Quantifing self and employee management tricks
Already some quantification
There are already a lot of jobs that get quantified in some aspect. Time spent on telephone calls has long been recorded with the thought in mind of trying to reduce the amount of time an employee spends on a call while maintaining the quality of the call. Fast food restaurants measure drive through time or counter time. Many jobs lend themselves to that type of quantification. But many other jobs do not. Many jobs however, do have components that could be measured. This measurement could be used to evaluate some aspect of your performance.

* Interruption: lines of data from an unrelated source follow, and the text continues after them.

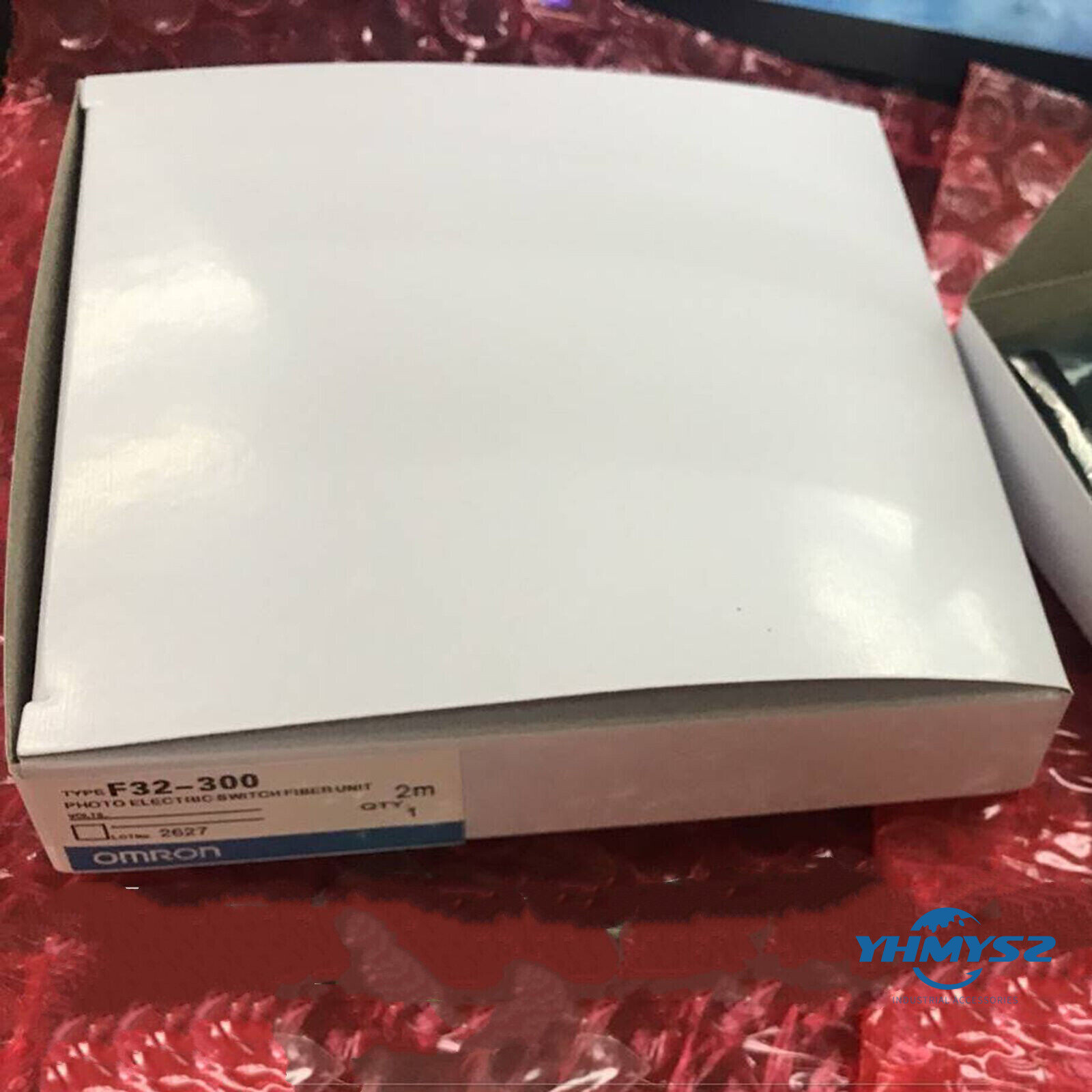 1PC Omron F32-300 F32300 Photoelectric Switch Sensor New Expedited Shipping
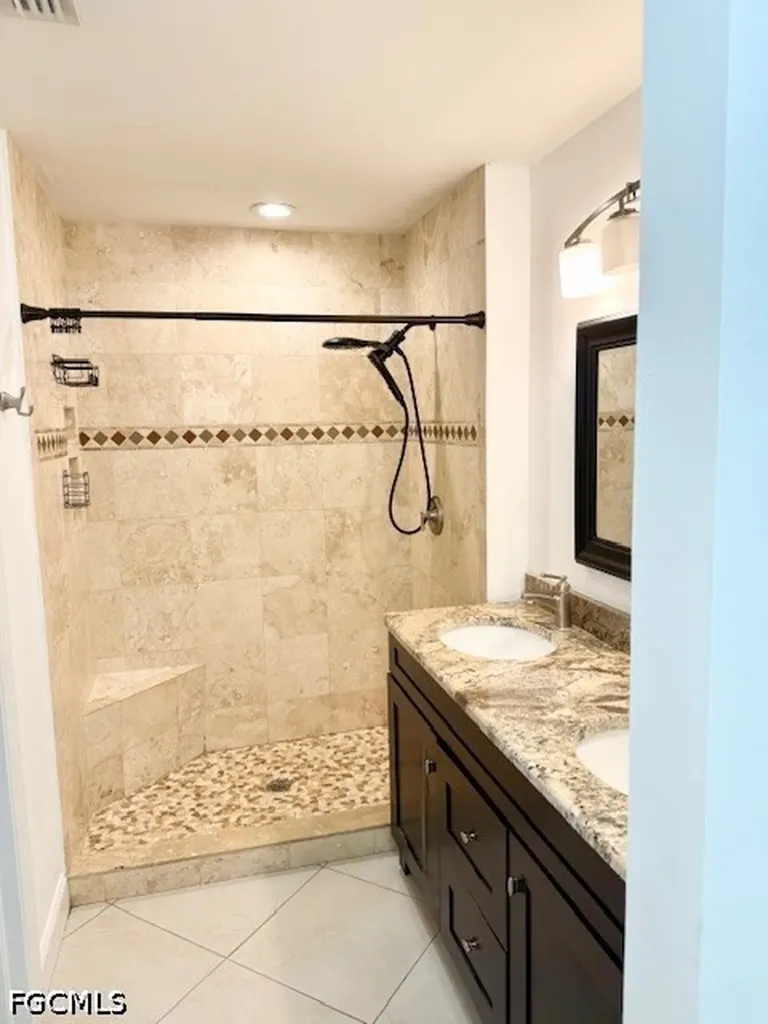2833 NW 6th Place Cape Coral FL 33993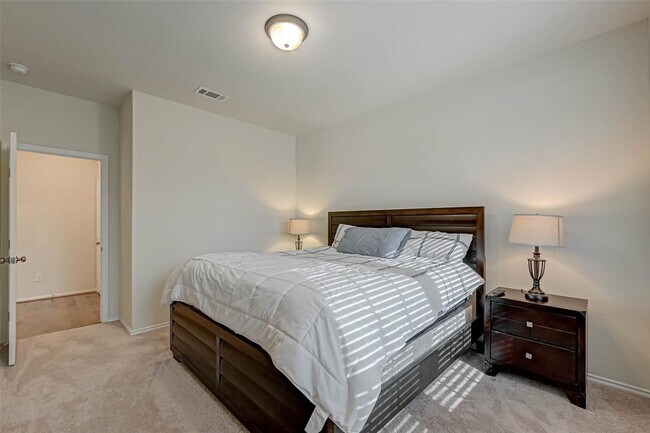 Building Photo - 3226 Longleaf Meadows Dr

Things that could be quantified
How many of you have a Fitbit or some other step activity measure? Are you using it for wellness as do most users? What if your employer were to use that data as a measure of your performance as I suggested in Future Friday: Employees habits will provide data to employers? What if your job as an HR representative required you to spend time out of your office interacting with employees? A measure taken off your movement tracker might show on an average day you walked 12,500 steps in the performance of your job, but today you only walked 3000. Does that mean you are not doing your job? Or do you have a good reason for your lack of normal activity?
How about measuring the time you spend not only on your computer, but the time you spend on individual websites? There are several applications or programs that can make that measurement. You, as an individual, can measure you time in order to monitor your personal activity and productivity, but that can also be measured by your boss to make sure you are doing your job correctly and productively.
In addition to self-worn devices, sensor embedded in the walls and ceilings can also measure activity. As Ryan Fuller, in Wired said “…people analytics technologies will provide unprecedented insights around workplace habits, including time spent in email, collaborating with others, walking to meetings and even chatting with coworkers…” Collection of this type of data will allow companies to make predictions about their workers performance. Data will lead to decisions about the people who are performing and not performing. This will allow HR to make better planning decisions. Fuller also said “Using their own internal data, companies are capable of predicting a salesperson’s quota attainment based on time spent with management and other network characteristics.”
The Quantified Self will do nothing but increase
We as individuals are increasingly measure our own activity and behavior. Additionally we are allowing more and more people to have access to that information. Combine that with an employer’s desire to better manage productivity through the use of that quantified data leads to the conclusion that are on the threshold of an explosion of the quantified self. Whether that is a good thing or not may yet remain to be seen.